Aim of the exercise: Repeat the following data exactly, omitting pictures.

Dataset excerpt:
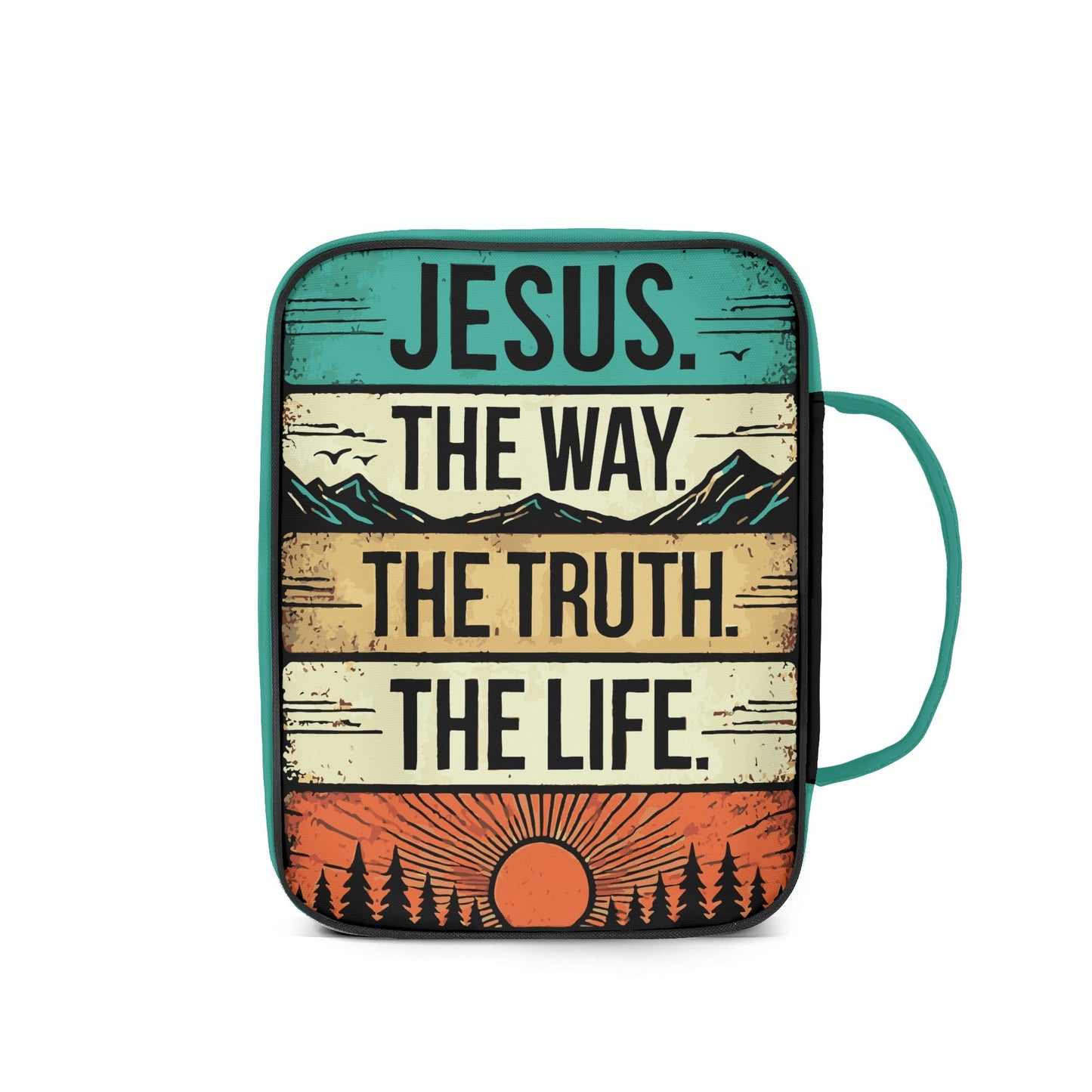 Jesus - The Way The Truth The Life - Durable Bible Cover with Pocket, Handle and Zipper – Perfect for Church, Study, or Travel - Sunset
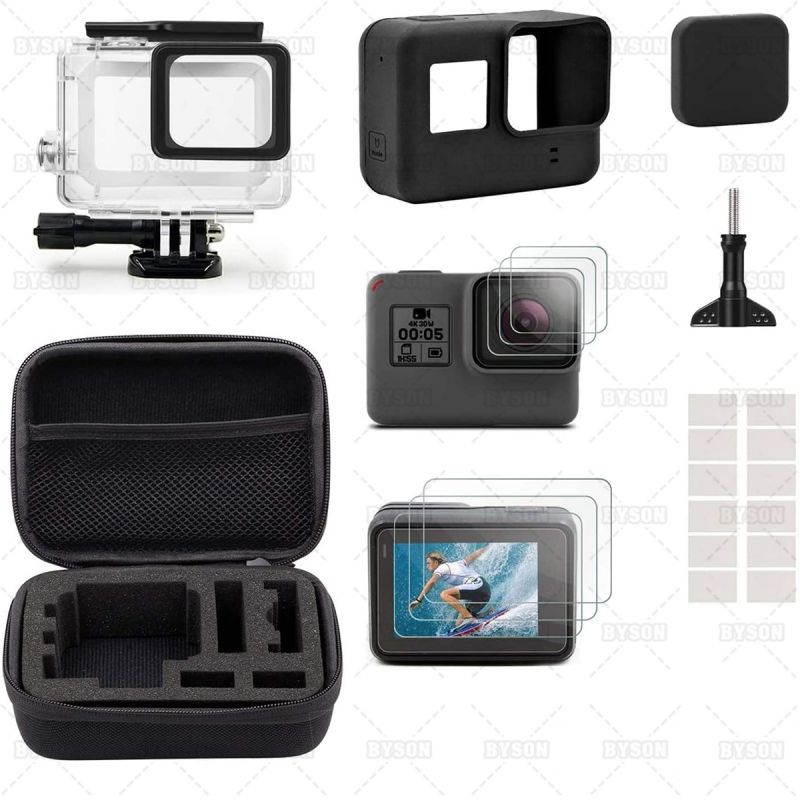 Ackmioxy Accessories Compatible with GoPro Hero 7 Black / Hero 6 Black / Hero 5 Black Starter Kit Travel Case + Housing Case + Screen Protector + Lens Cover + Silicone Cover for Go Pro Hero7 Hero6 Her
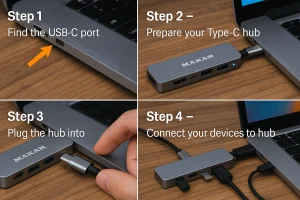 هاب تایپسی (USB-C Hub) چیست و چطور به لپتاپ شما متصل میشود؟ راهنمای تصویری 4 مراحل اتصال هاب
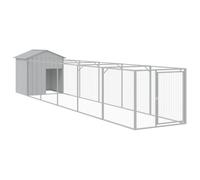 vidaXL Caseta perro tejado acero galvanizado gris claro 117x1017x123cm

Written solution:
 Jesus - The Way The Truth The Life - Durable Bible Cover with Pocket, Handle and Zipper – Perfect for Church, Study, or Travel - Sunset
 Ackmioxy Accessories Compatible with GoPro Hero 7 Black / Hero 6 Black / Hero 5 Black Starter Kit Travel Case + Housing Case + Screen Protector + Lens Cover + Silicone Cover for Go Pro Hero7 Hero6 Her
 هاب تایپسی (USB-C Hub) چیست و چطور به لپتاپ شما متصل میشود؟ راهنمای تصویری 4 مراحل اتصال هاب
 vidaXL Caseta perro tejado acero galvanizado gris claro 117x1017x123cm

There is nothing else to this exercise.